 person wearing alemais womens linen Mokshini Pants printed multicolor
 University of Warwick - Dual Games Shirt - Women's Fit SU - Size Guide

--

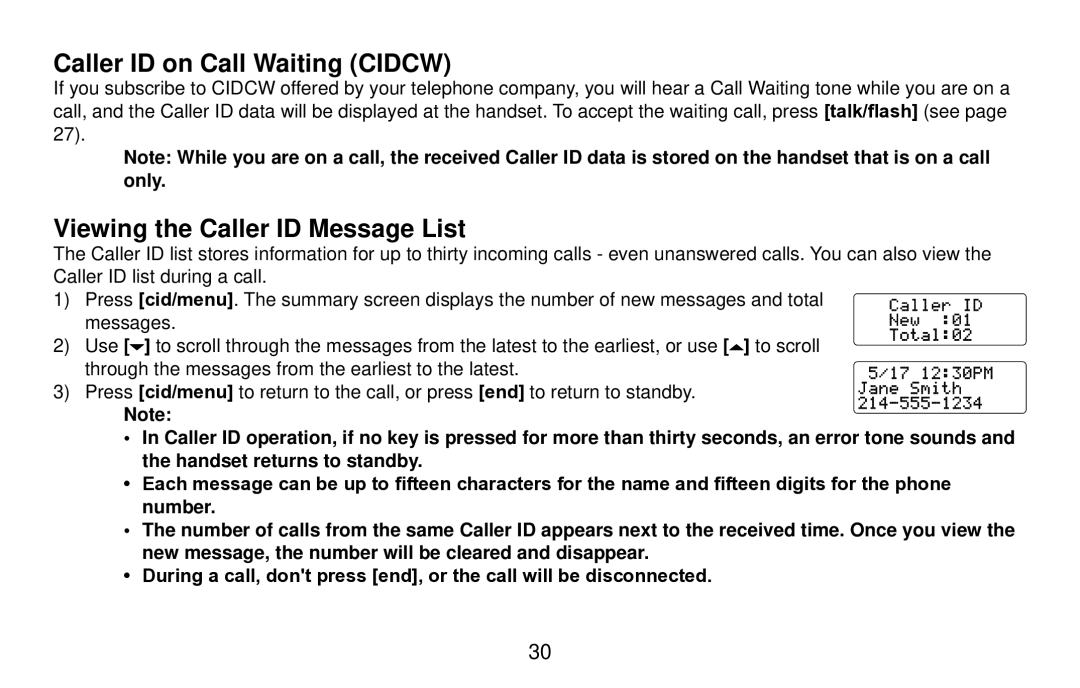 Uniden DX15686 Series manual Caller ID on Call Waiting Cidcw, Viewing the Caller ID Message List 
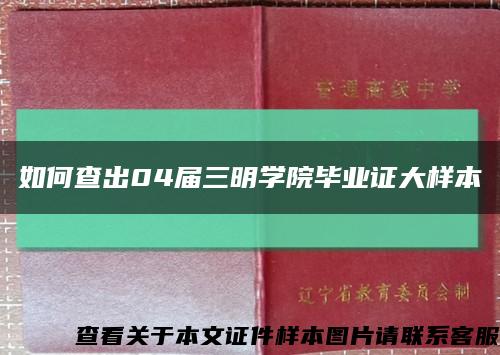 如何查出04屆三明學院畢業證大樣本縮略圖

== Work required ==
Each line between the one holding "Uniden DX15686 Series" and the one holding "如何查出04屆三明學院畢業證大樣本縮略圖", inclusive, should be copied exactly as it appears above, and pictures should be omitted.

== Output ==
 Uniden DX15686 Series manual Caller ID on Call Waiting Cidcw, Viewing the Caller ID Message List 
 如何查出04屆三明學院畢業證大樣本縮略圖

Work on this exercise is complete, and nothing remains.